Every parent feels the pull, especially with the long days of summer before us, to indulge our children in longer sessions of screen time.
So, what does the research say? Are there guidelines available to help you employ best practices for letting your child have screen time?
The National Association for the Education of Young Children has launched significant research to assess the impact and best use for screen time for young children:
“Researchers are coming to agree: How parents approach media matters. . . .By synthesizing the studies on children’s health, learning, and media interactions, I’ve concluded that we as parents could do the most good for our children by focusing on the three C’s—content, context, and the individual child.”*
In other words, thoughtful screen time is key!
Hear what the experts have to say and consider establishing some of these guidelines in your house standards for screen time!
1. Screen Free Zones
“The AAP recommends that parents establish ‘screen-free’ zones at home by making sure there are no televisions, computers or video games in children’s bedrooms, and by turning off the TV during dinner. Children and teens should engage with entertainment media for no more than one or two hours per day, and that should be high-quality content. It is important for kids to spend time on outdoor play, reading, hobbies, and using their imaginations in free play.”**
2. The Family That Plays Together…
“Parents from across the economic spectrum need to understand that it is their presence and their attention that enrich their children and that one-on-one play is a time-tested, effective way of being fully present.” Invest in “simple, inexpensive toys, such as dolls, jump ropes, blocks, balls, and buckets, [as they are] more effective in allowing children to be creative and imaginative than more expensive toys, which can make play a more passive and less physically involved experience.”***
3. Transform Screen Time
The Mayo Clinic offers these four ways to make the most of screen time:
Plan what your child views. Instead of flipping through channels, seek quality videos or programming. Consider using parental control settings on your TV and computers. Preview video games and smartphone applications before allowing your child to play with them.

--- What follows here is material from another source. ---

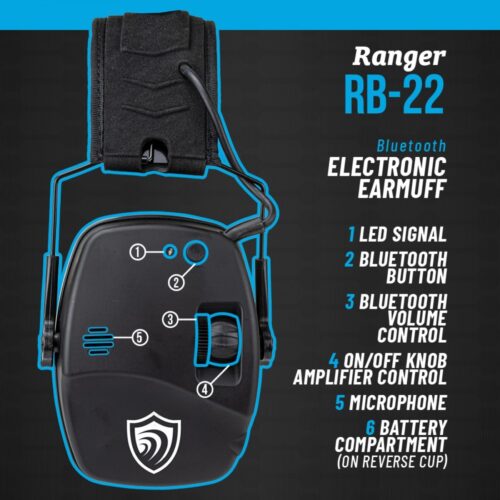 014895015773__71649.jpg Otis Technology Earshield™ Ranger Electronic Earmuff with Bluetooth FG-ES22B-BK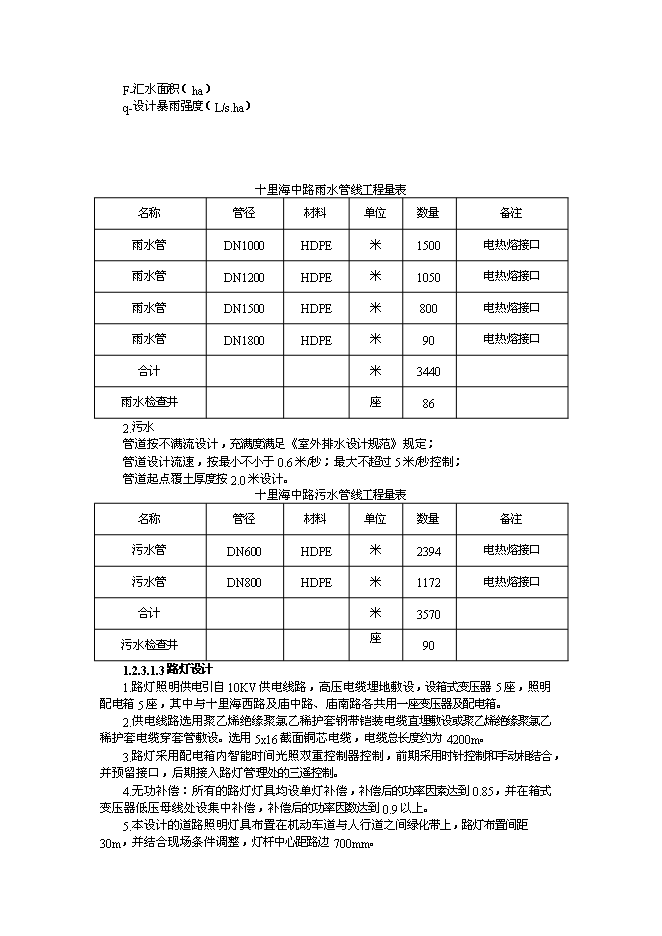 （終稿）臨港產業園道路新增項目可行性投資論證建議書.doc（最終版）第14頁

Watch with your child. Whenever possible, watch programs together — and talk about what you see, such as family values, violence or drug abuse. If you see a junk food ad, explain that just because it’s on TV doesn’t mean it’s good for you.

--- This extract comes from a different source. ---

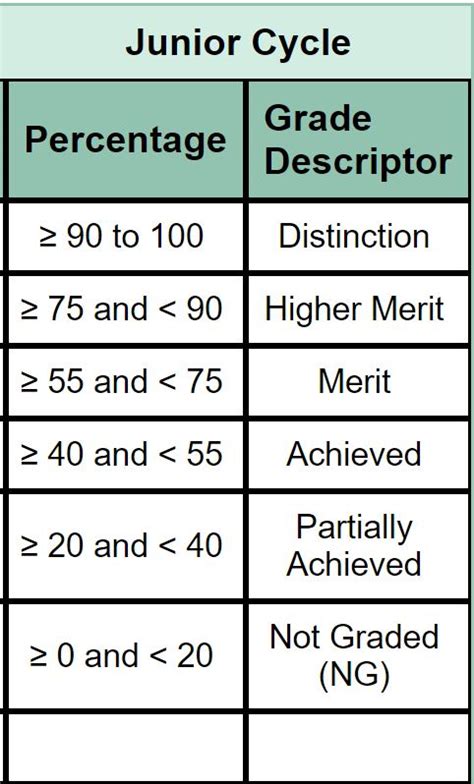 ccsjdm grading system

Record programs and watch them later. This will allow you to fast-forward through commercials selling toys, junk food and other products. When watching live programs, use the mute button during commercials.

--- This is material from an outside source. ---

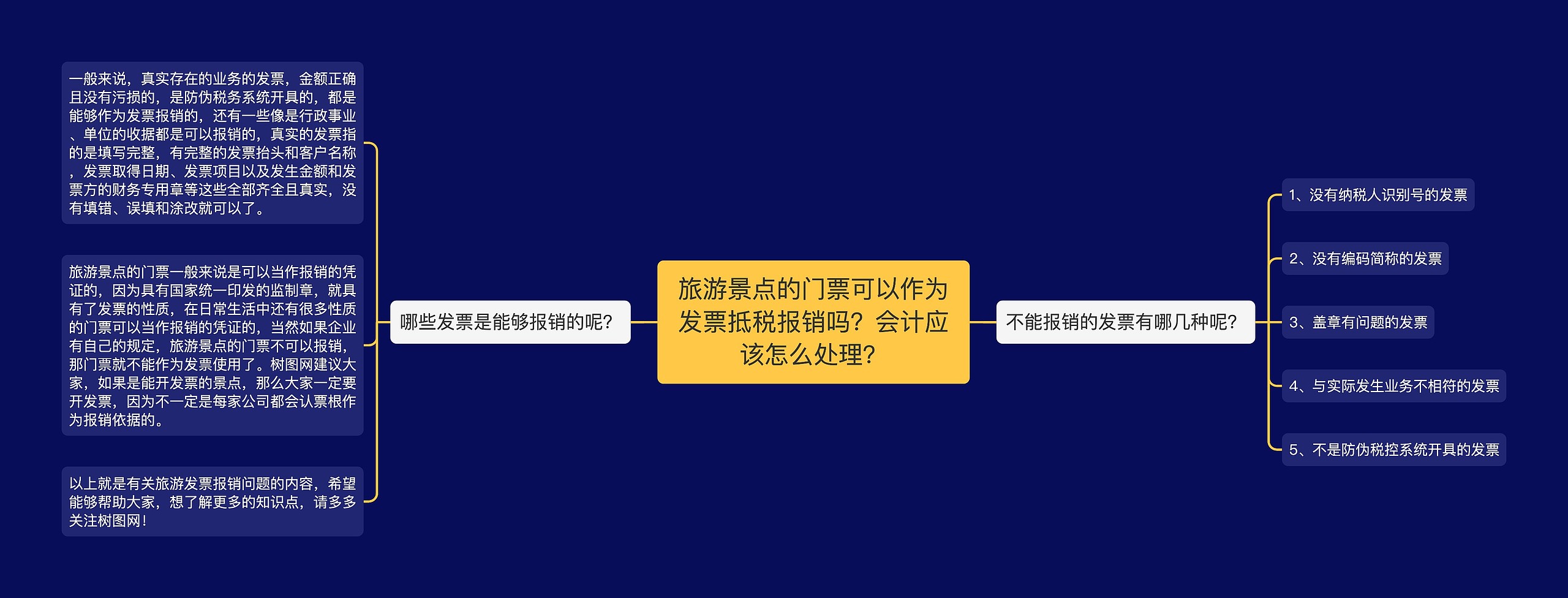 旅游景点的门票可以作为发票抵税报销吗？会计应该怎么处理？思维导图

Encourage active screen time. Have your child stretch or do yoga while watching a show. Challenge your family to see who can do the most jumping jacks during a commercial break. Choose video games that encourage physical activity.****
So make your blanket forts, pop your popcorn, setup your video game tournament, and compete on your favorite apps… as long as you are thoughtful, intentional, and restrained your media usage, it is a great tool for togetherness!